Koniec spekulacji na temat angażu Cilliana Murphy'ego w projekt „28 lat później” mający kontynuować osadzoną w postapokaliptycznym świecie serię dreszczowców zapoczątkowaną w 2002 roku. Mamy już pewność, że świeżo upieczony laureat Oscara powróci w obsadzie nowej części.
Cillian Murphy oficjalnie w obsadzie filmu „28 lat później”
Od kilku dobrych miesięcy trwały spekulacje na temat ewentualnego powrotu Cilliana Murphy'ego w zapowiedzianej przez studio Sony Pictures kontynuacji filmu „28 dni później”. Dla aktora rola w produkcji z 2002 roku była przełomowym momentem w karierze i mówiło się, że Murphy powróci do serii przynajmniej w roli producenta. Pojawiały się jednak doniesienia dające nadzieję na to, że zobaczymy go także na ekranie. W końcu głos w sprawie zabrał Tom Rothman. Prezes Sony Pictures potwierdził, że Cillian Murphy będzie zaangażowany w „28 lat później” również jako aktor.

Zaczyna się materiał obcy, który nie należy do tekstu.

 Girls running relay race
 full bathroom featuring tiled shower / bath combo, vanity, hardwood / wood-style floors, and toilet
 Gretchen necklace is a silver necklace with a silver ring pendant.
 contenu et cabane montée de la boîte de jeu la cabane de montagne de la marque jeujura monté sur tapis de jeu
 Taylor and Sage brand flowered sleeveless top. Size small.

Stworzeniem filmu zajmie się duet odpowiadający za pierwszą część serii, czyli Alex Garland, twórca, który ostatnio wprowadził do kin „Civil War” oraz reżyser Danny Boyle. Nowy film ma dać początek całej trylogii, a do wyreżyserowania drugiego filmu zatrudniona została już Nia DaCosta pracująca przy odświeżonej wersji horroru „Candyman”. Prace na planie pierwszej części ruszą w maju, a premiery możemy oczekiwać pod koniec przszłego roku.

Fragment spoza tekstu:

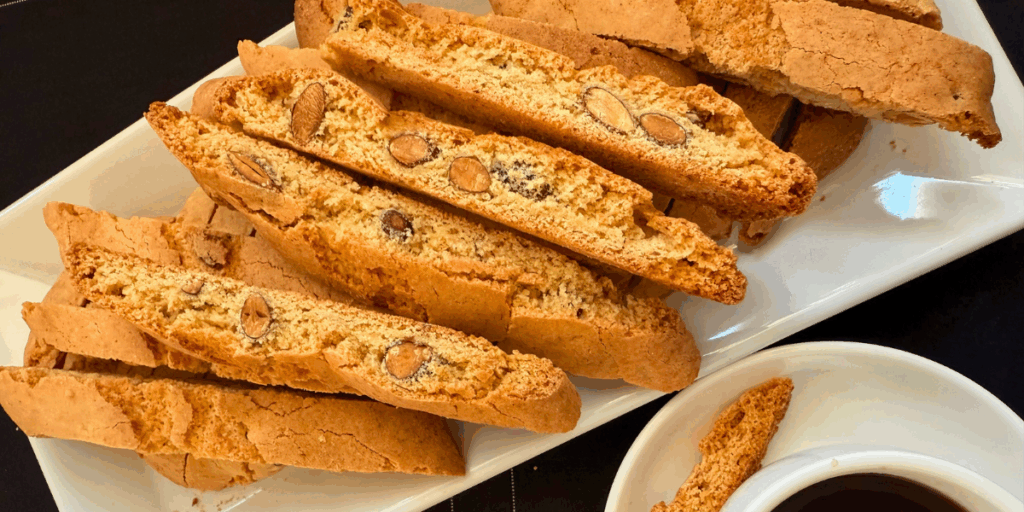 Almond biscotti on a plate next to a cup of coffee, hand-crafted small batch by The Biscotti Company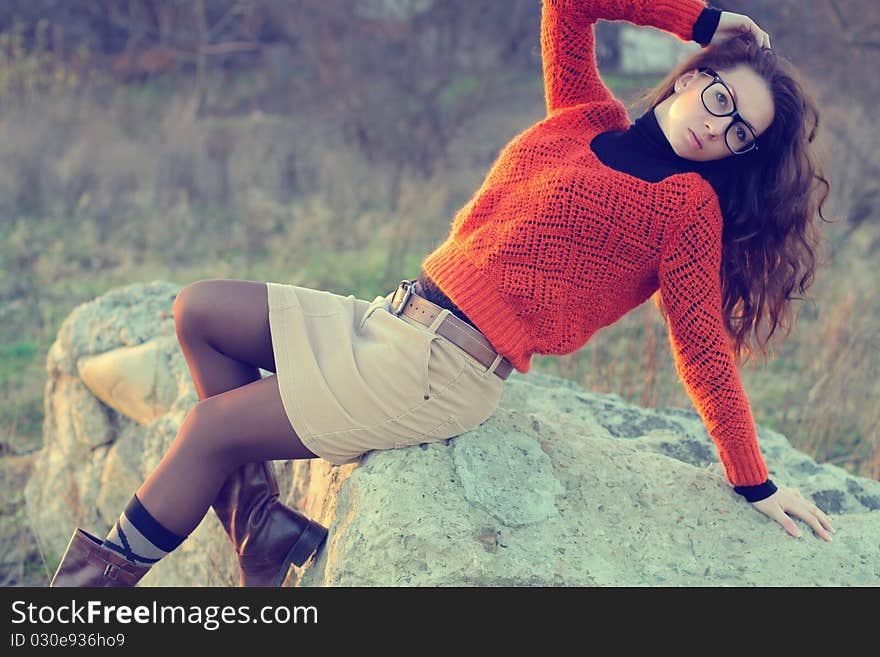 Girl on a rock, fashion woman. Girl on a rock, fashion woman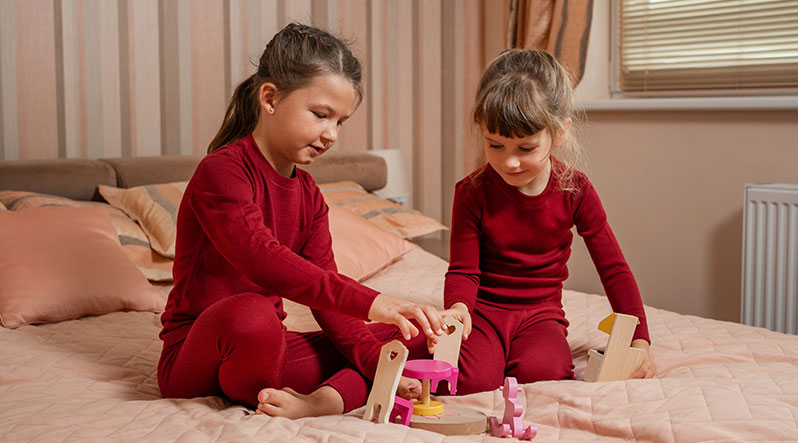 Two little girls playing on the bed with wooden toys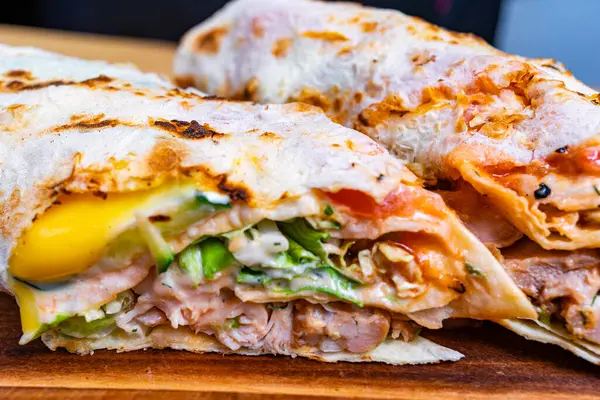 İki lezzetli paket, ahşap bir kesim tahtasının üzerinde ızgara et, taze sebze ve zengin soslar gibi canlı malzemeler sergiliyor. Hızlı ve tatmin edici bir yemek için mükemmel..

Gwiazdami filmu „28 lat później” będą Jodie Comer znana fanom serialu „Obsesja Eve”, Aaron Taylor-Johnson będący obecnie głównym kandydatem do zagrania nowego Bonda oraz Ralph Fiennes, którego mogliśmy oglądać chociażby w poprzednich filmach o Bondzie. Do tych nazwisk możemy już dopisywać także Cilliana Murphy'ego, który zagrał w pierwszej części Jima, gońca, który obudził się ze śpiączki w świecie, który przeżył apokalipsę wywołaną wirusem powodującym niepohamowaną agresję u zarażonych ludzi. Murphy nie pojawił się kontynuacji z 2007 roku noszącej tytuł „28 tygodni później”.